▶ Task inputs
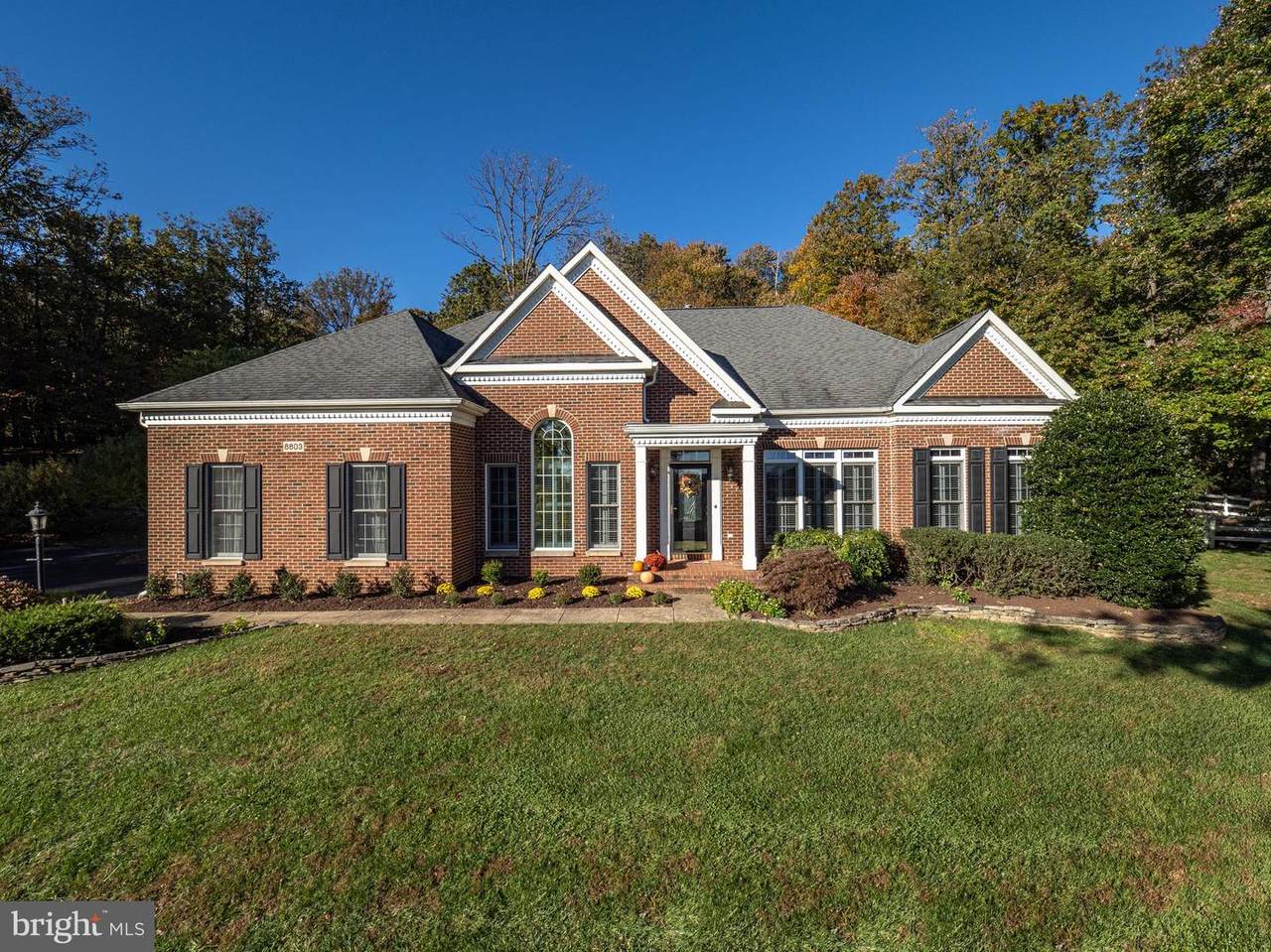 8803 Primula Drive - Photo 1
---
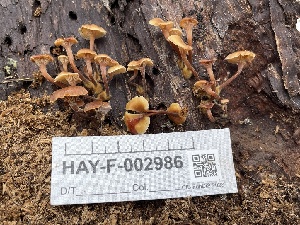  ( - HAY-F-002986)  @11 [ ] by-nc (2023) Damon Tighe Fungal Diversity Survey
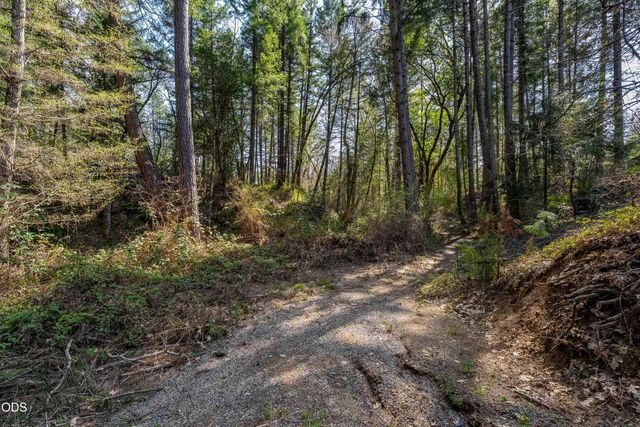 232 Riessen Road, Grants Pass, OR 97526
---
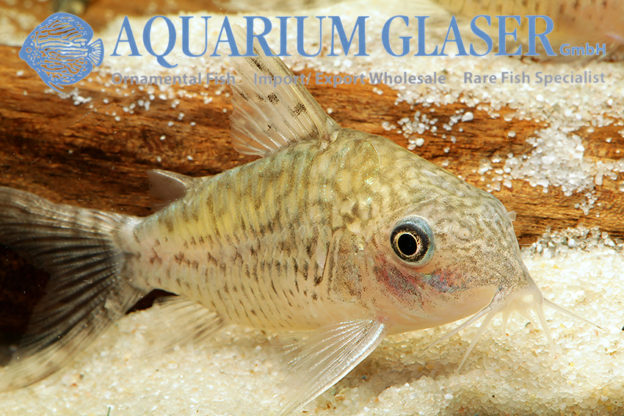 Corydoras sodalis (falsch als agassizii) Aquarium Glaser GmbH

▶ Task brief
Only the lines starting at the one with "( - HAY-F-002986)" and ending at the one with "232 Riessen Road, Grants Pass, OR 97526" should be printed, each exactly as it appears in the material above; the pictures are to be omitted.

▶ Solution
  ( - HAY-F-002986)  @11 [ ] by-nc (2023) Damon Tighe Fungal Diversity Survey
 232 Riessen Road, Grants Pass, OR 97526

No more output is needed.